> Try it: In the material below, begin at the line that has "Pull col V noir", stop after the line that has "Size: 723x648 |", and transcribe those lines exactly, without pictures.

> Data to use:
# # #

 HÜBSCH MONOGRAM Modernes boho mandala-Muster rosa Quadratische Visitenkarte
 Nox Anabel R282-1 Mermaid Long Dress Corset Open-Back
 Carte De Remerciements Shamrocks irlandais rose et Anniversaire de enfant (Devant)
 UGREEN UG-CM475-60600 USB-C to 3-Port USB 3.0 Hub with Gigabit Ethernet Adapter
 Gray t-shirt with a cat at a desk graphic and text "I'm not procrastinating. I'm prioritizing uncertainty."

# # #

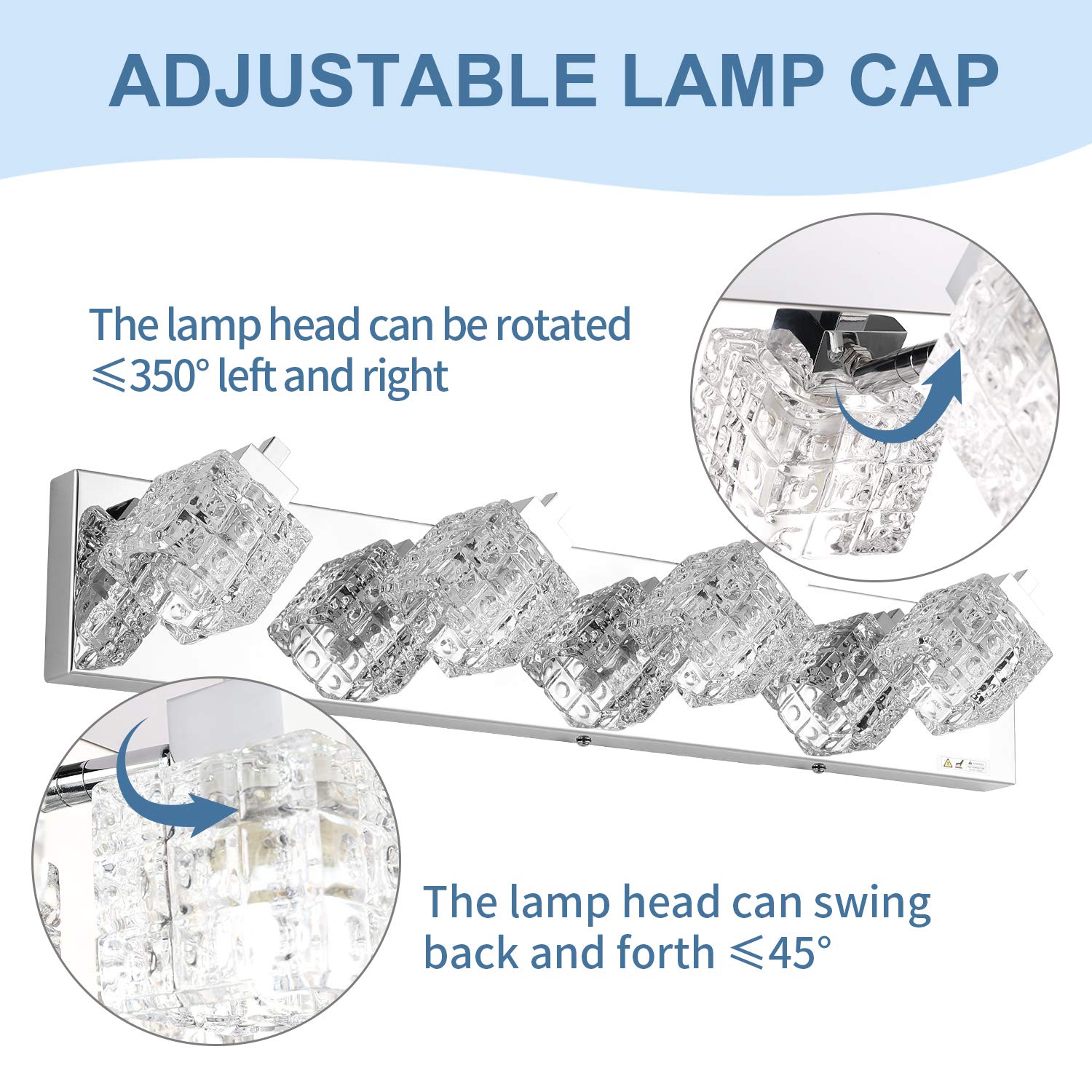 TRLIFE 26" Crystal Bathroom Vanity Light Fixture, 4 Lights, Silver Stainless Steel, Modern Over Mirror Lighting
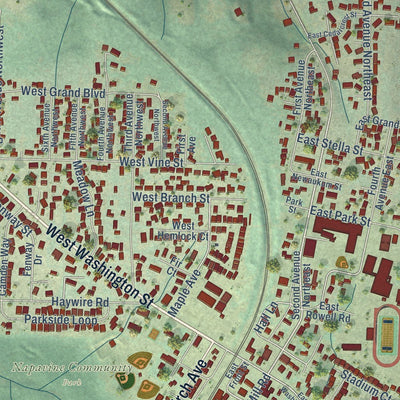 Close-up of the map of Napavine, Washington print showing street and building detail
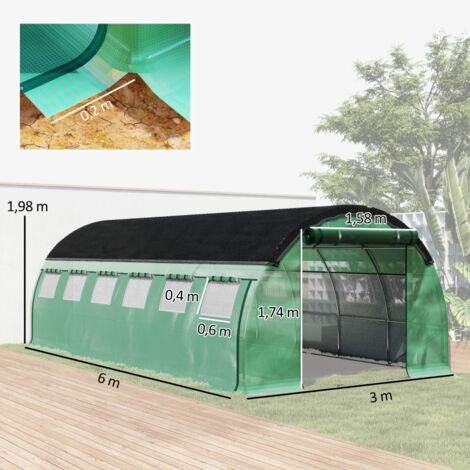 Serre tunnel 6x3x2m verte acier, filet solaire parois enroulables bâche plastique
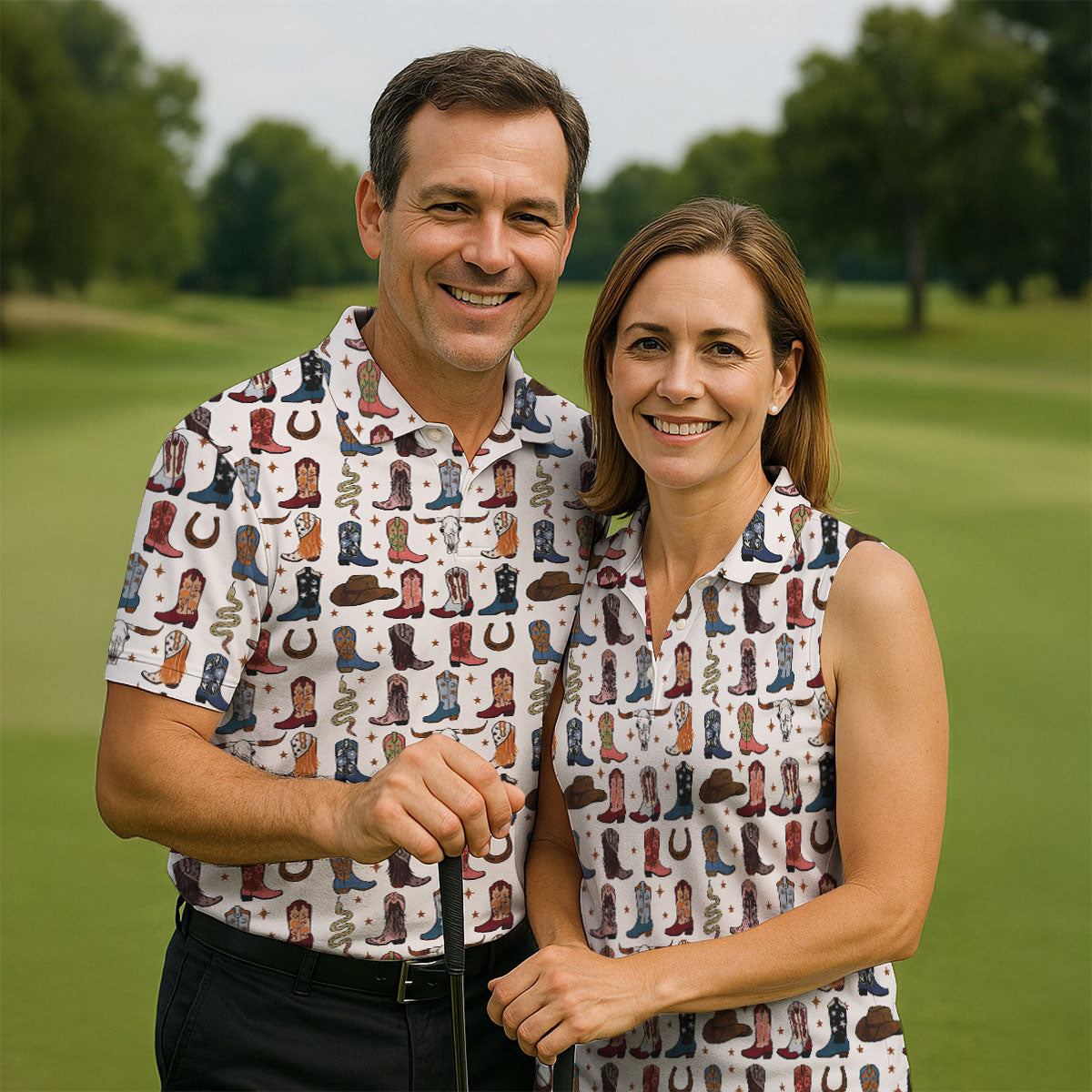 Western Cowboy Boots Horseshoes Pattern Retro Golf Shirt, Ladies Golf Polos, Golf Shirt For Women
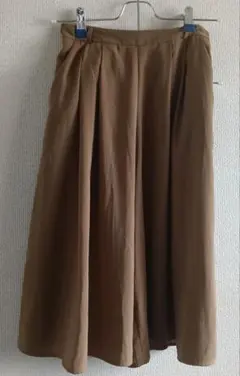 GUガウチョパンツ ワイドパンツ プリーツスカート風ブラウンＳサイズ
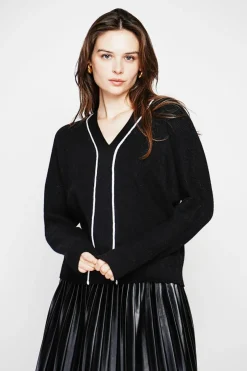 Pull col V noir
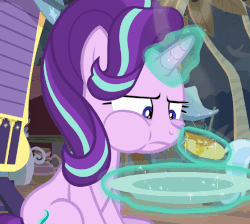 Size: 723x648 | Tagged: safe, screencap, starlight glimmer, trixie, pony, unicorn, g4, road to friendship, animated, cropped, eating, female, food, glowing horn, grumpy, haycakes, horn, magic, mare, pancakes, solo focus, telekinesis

# # #

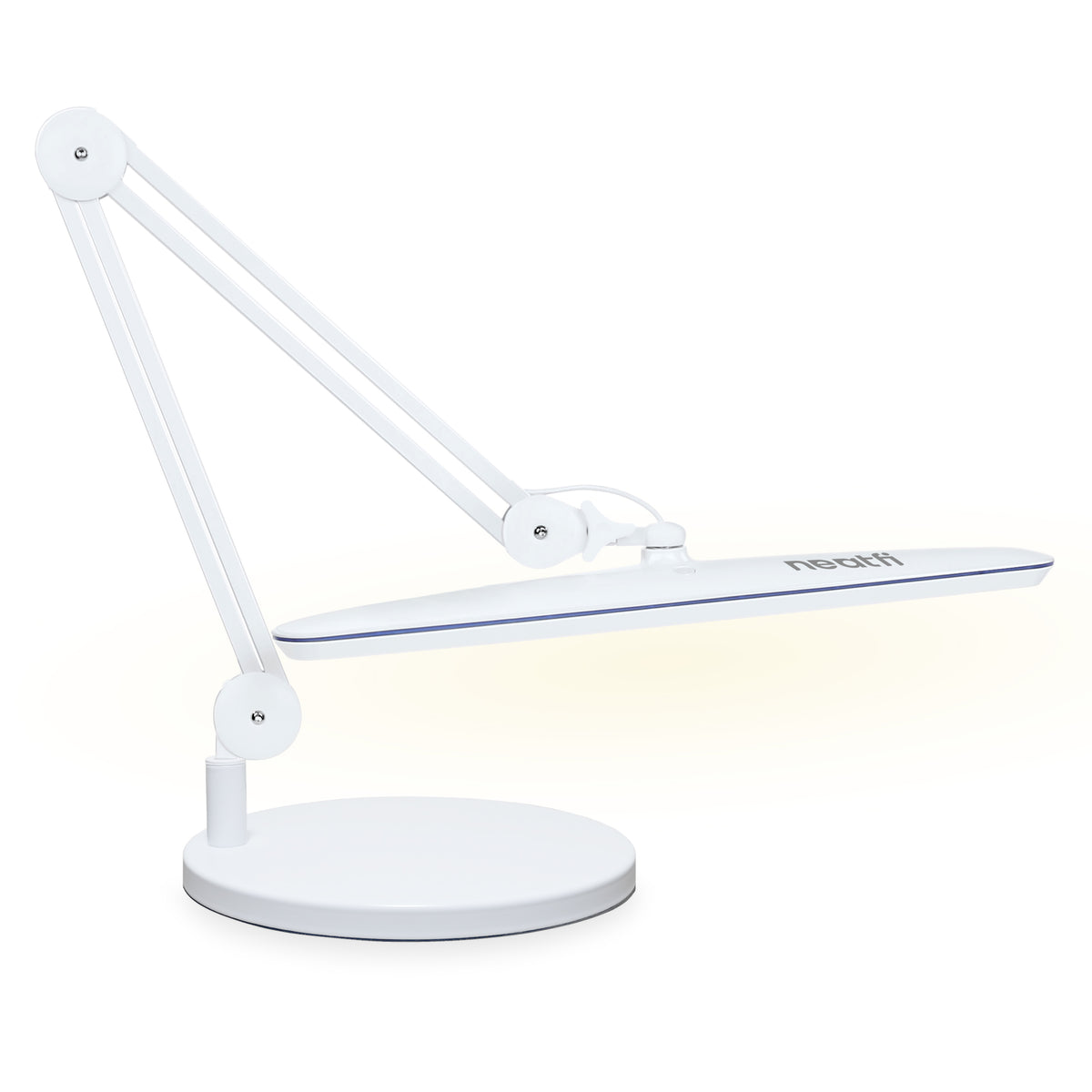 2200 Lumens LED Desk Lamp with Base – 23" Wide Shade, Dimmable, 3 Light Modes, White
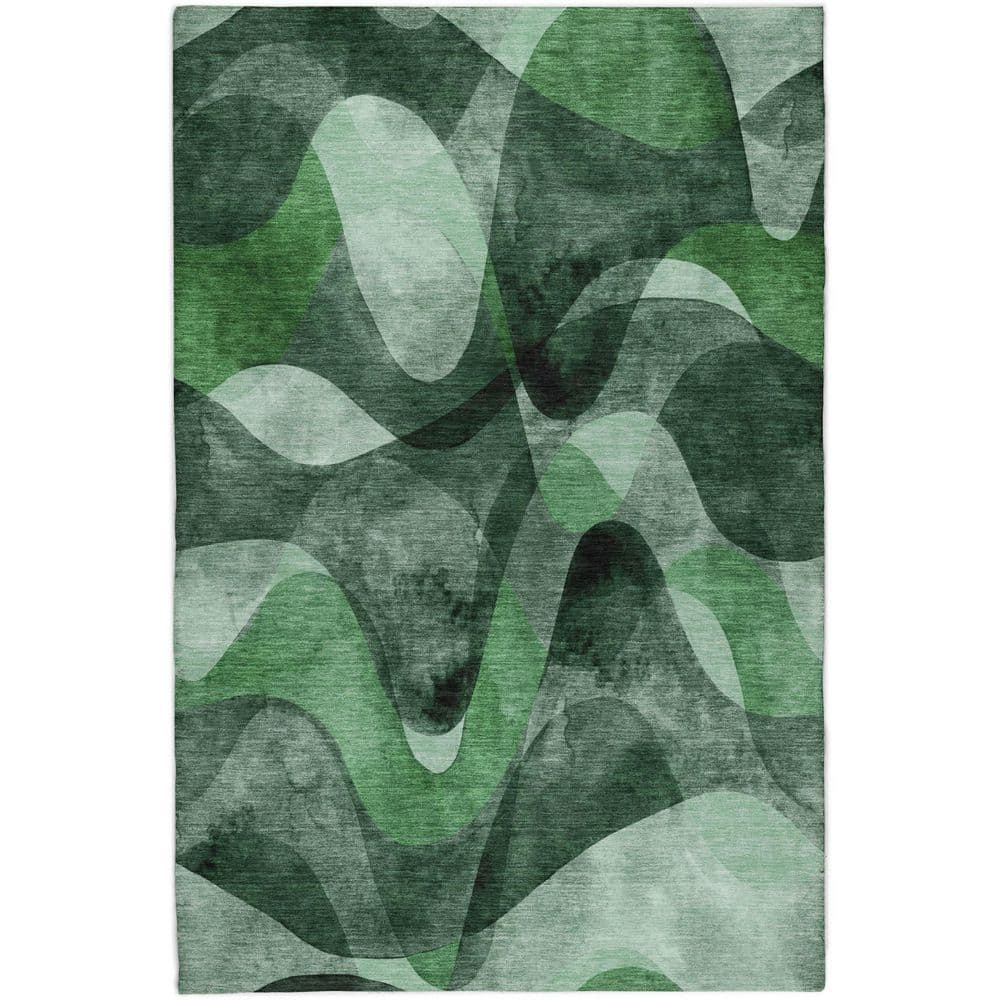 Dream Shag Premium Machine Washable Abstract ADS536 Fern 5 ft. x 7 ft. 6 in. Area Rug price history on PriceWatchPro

# # #

> Solved exercise:
 Pull col V noir
 Size: 723x648 | Tagged: safe, screencap, starlight glimmer, trixie, pony, unicorn, g4, road to friendship, animated, cropped, eating, female, food, glowing horn, grumpy, haycakes, horn, magic, mare, pancakes, solo focus, telekinesis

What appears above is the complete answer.